### PROVIDED INFORMATION

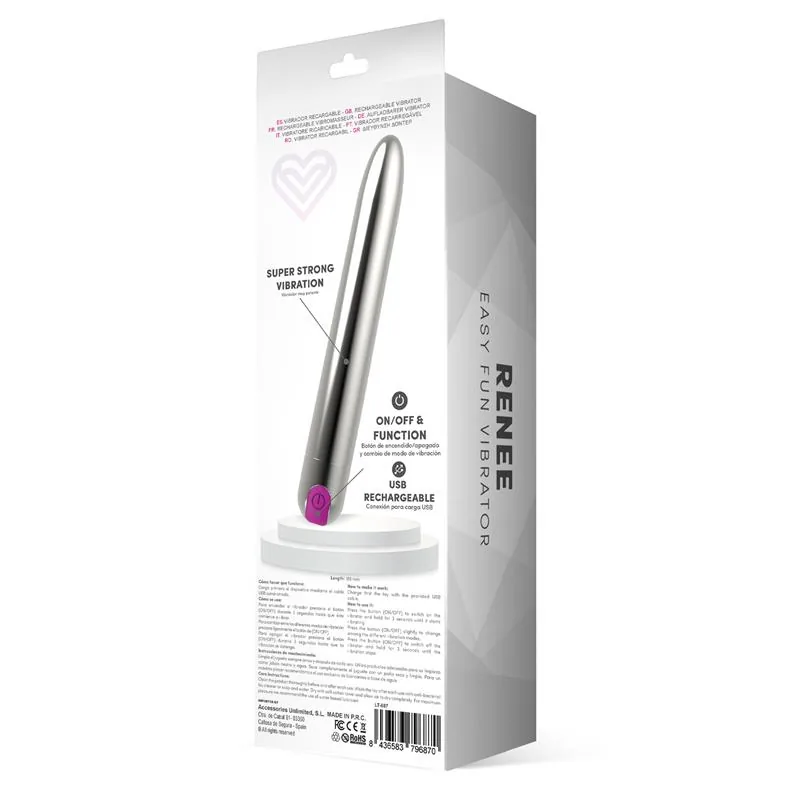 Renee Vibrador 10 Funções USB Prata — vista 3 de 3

...

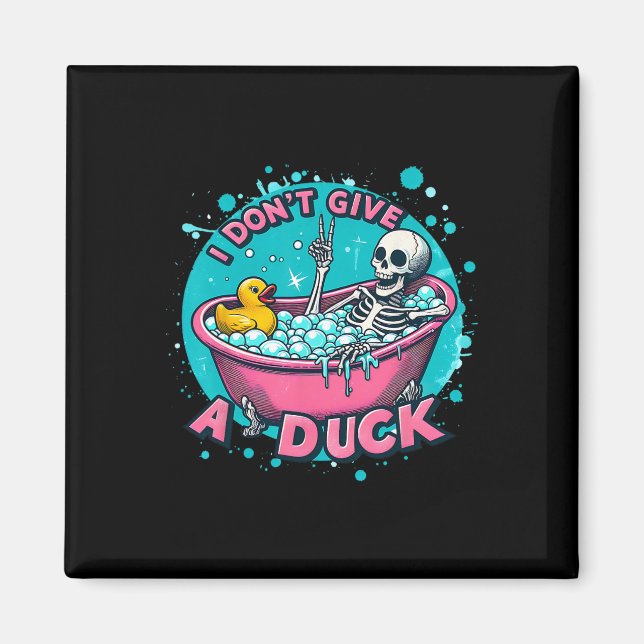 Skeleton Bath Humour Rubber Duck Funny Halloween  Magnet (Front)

--

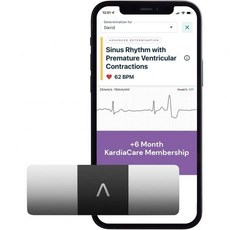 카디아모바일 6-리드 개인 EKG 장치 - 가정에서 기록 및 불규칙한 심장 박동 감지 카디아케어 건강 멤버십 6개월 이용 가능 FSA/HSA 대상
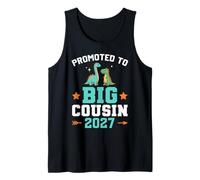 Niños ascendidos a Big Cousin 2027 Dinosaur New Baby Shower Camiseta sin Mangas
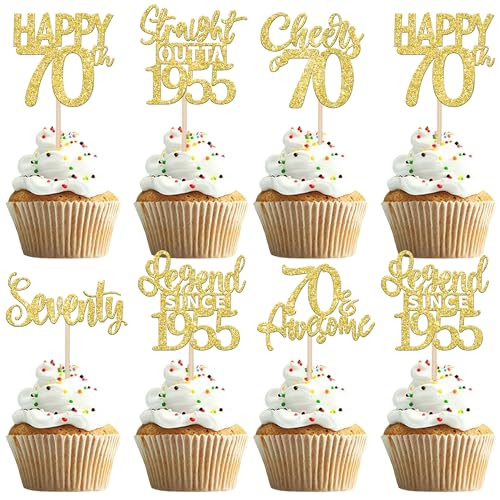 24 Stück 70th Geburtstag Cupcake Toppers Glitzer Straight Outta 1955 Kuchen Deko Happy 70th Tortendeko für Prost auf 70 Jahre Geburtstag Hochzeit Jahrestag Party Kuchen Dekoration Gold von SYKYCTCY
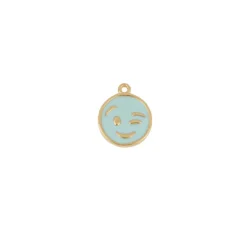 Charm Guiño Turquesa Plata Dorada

### ACTION ITEM
Write out word for word the lines above that run from the one with "카디아모바일 6-리드 개인" to the one with "Charm Guiño Turquesa Plata Dorada". Include both end lines; exclude the images.

### ANSWER BELOW
 카디아모바일 6-리드 개인 EKG 장치 - 가정에서 기록 및 불규칙한 심장 박동 감지 카디아케어 건강 멤버십 6개월 이용 가능 FSA/HSA 대상
 Niños ascendidos a Big Cousin 2027 Dinosaur New Baby Shower Camiseta sin Mangas
 24 Stück 70th Geburtstag Cupcake Toppers Glitzer Straight Outta 1955 Kuchen Deko Happy 70th Tortendeko für Prost auf 70 Jahre Geburtstag Hochzeit Jahrestag Party Kuchen Dekoration Gold von SYKYCTCY
 Charm Guiño Turquesa Plata Dorada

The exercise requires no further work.